Why didn’t the library system change?  It still works!

Yes, we added indexes and other things to the system to make it better but the heart and soul of the library system are still the same numbers we have used for many years.  Even the IBSN number has not changed.  

If you are going to change something in your system make certain to look at the benefit and the impact it will have on all of your labor and systems.

Big mistakes:
1: You can index every page!  Would that be amazing! Every page had an index telling us what date it was received, who it belonged to and who indexed it etc……
Every one of those systems I have seen have failed. I have never seen a system take in random paper, information and index everything symmetrically without a great deal of labor to accomplish it.  If it were easy Google would have done it already. Imagine if every page you take into your office someone had to type 1000 characters to describe it.

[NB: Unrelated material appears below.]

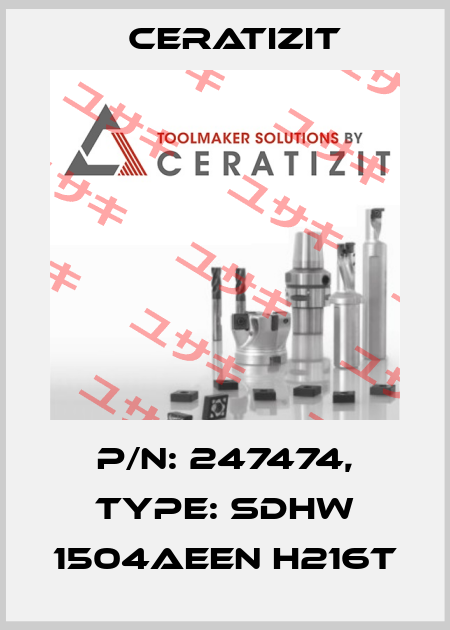 P/N: 247474, Type: SDHW 1504AEEN H216T Ceratizit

2: I do not need to index anything the computer can read it.  This dream has not yet reached reality but the thought is spawned by the imporession that tablets and phones can read your handwriting. In some cases, the software can learn your handwriting but it is very limited so far. Rocketbook has an app that will attempt to read your handwriting including cursive for those of us over 20 but it too has limitations. The tech gets better every year but it is not very successful and not commonplace. If you consider that the US Postal service spent hundreds of millions of dollars to try and read the well-created handwriting on letters for just addresses and zipcode and still they have to manage 20% by hand. OCR/BARCODE/QR has all gotten better but perfect it is not and reading handwriting at 100% with a computer is close impossible.
Allow me to explain: Let’s pretend a computer could read 80% of the letters on a typewritten page. It is probably more than likely 60 % to 70% so we can pretend. If we assumed 80% accuracy, out of every 100 letters it reads 20 of them incorrectly. If the average word has 4.5 letters in them then 100 letters becomes 22 words and 20 of them could be wrong. We don’t need a document that reads Blood Pressure ‘130/65’ to be read by a computer as ‘IB0165’ it just won’t work.

3: Store everything in color at high resolution.  I have seen this over and over again for 20 years, clients do not consider the impact they have on a network making files bigger and more complex. Large files take up lots of space and lots of bandwidth to deliver to the client.  If you were a governmental agency trying to answer a FOIA request and the files needed were 100’s of Gigabyte in size.   Gathering them would be difficult and time consuming and delivering them even more so. Size matters because time matters. Bigger files slower delivery to screen, slower to store and retrieve slower everything and slower is more expensive than faster.

4: It’s on backup.  I can not tell you how many people never test their backup system until the system fails.  When a system fails you can’t have a failed backup because it could all be gone. Even worse. What if you had a backup but it would take 3 weeks to restore, now what?  Redundant active systems to keep systems alive. Offsite cloud and other storage methods function but do they really? How long would the restoration take if you did lose it all? When you design a system think of the end of its life as well as what is designed to do.  End-of-life is in some ways is more important than the process itself.

Thomas Edision once said, “I have not failed. I’ve just found 10,000 ways that won’t work.” Since 1972 we have seen many mistakes, ones we do not want others to repeat.